マナーうんちく話569≪泥より出でて、泥に染まらず≫
日本との時差が8時間あり、マナーの本家ともいえるイギリスで開催されているオリンピック。その観戦で寝不足になっている人も多いと思います。
夜のテレビも目が離せませんが、昼の空を眺めて見て下さい。
今までは、前回触れました入道雲のように、縦に長く、モクモクと威勢の良い雲が主流でしたが、これからは、箒(ほうき)で掃いたような筋状の、横に長い雲が多くなってきます。
これが「秋の雲」です。
この秋の雲が発生してくると、夏の高気圧は次第に弱くなり、それに連れ、風の流れも、蝉の鳴き声も、草木も、街のショーウィンドウも変化が感じられます。

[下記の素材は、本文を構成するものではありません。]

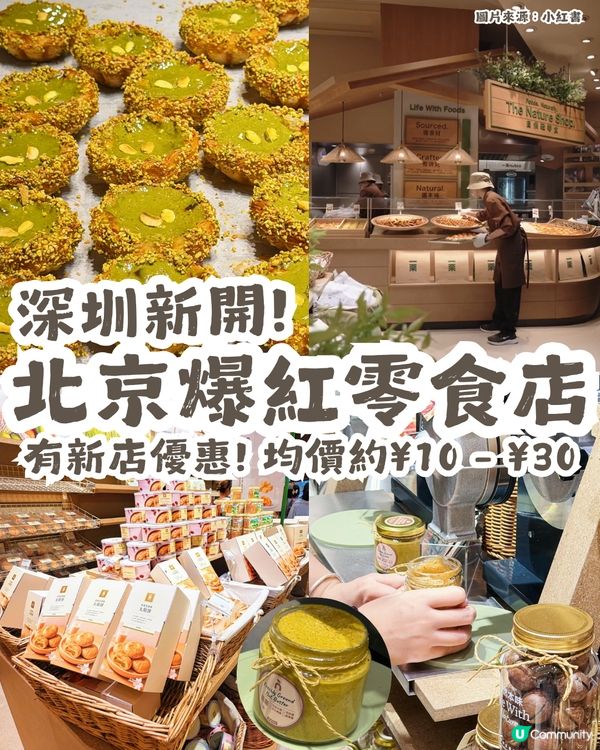 深圳新開北京爆紅零食店「一粟」🎉 有新店優惠! 均價約¥10 - ¥30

立秋も過ぎ、丁度今頃が、夏と秋の入れ替わりの頃でしょうか。
「夏雲は岩のごとく 秋雲は砂のごとく」と正岡子規は、夏から秋への四季の移ろいを雲の変化から詠んでいます。
里山でも、栗や柿の実が、まだまだ青いですが、秋に向けて美味しく熟す用意を整えております。そういえば、8日の山陽新聞朝刊に、「立春の記事と栗の実」が掲載されていましたね。

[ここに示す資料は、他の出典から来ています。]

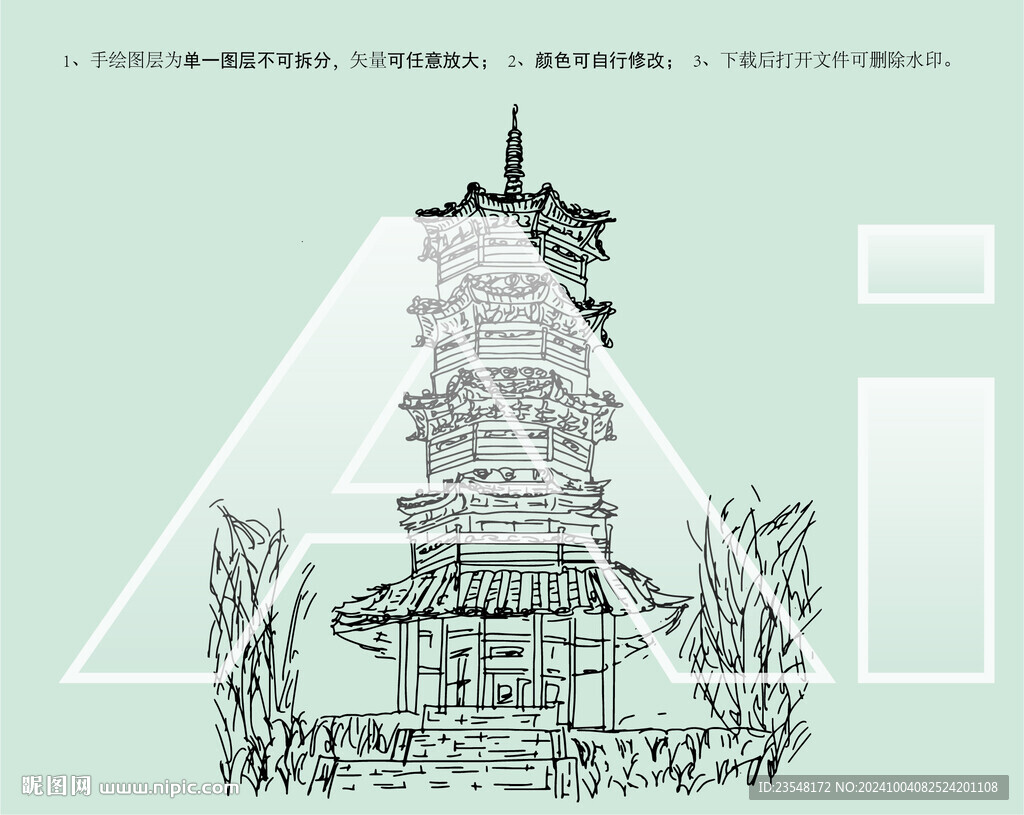 徐州苏公塔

毎日毎日、これだけ暑い日が続いたら、つい見落としがちですが、色々な場面で、夏と秋が混じり合っているわけですね。
すでにトンボだって飛び始めましたよ!
ところで、冬の終わりは、なんだか明るい気配が漂いますが、逆に夏の終わりは感傷的になります。
夏休みを謳歌している学生や、夏に売り上げをしっかり稼いでいるビジネスマン等は特にそうではないでしょうか?
一方、秋の到来をひたすら待ちわびている人も多々おります。
グルメや芸術や読書を好む人等ですね。
いずれにせよ、夏を心おきなく過ごし、秋を楽しく迎えるには健康が一番です。
季節の節目の今、日常生活の在り方を総点検されることをお勧めします。
特に冷たい食べ物や飲み物中心の食生活や、オリンピックの見過ぎによる睡眠不足にはくれぐれもご用心ください。
さらに、これからお盆も控えており、なにかとエネルギーを要する時節です。
猛暑で疲れた身体と心が安らぎを欲しがっています。
心と身体にも、素敵なマナーを発揮して上げて下さい。
さて、最初の続きになりますが、正岡子規は、夏と秋の雲の他にも、春の雲は「綿」のごとく、冬の雲は「鉛」のごとくと詠んでおります。
明治を代表する文学者の感性には足元にも及びませんが、何かと慌ただしい毎日の合間を縫って、たまにはのんびりと、空を眺めたり、虫の音を聞いたり、吹く風を感じたりするのも良いモノです。
意外に、人生を大きく好転させる、すばらしい「ひらめき」は、このような時に湧くかもしれませんね。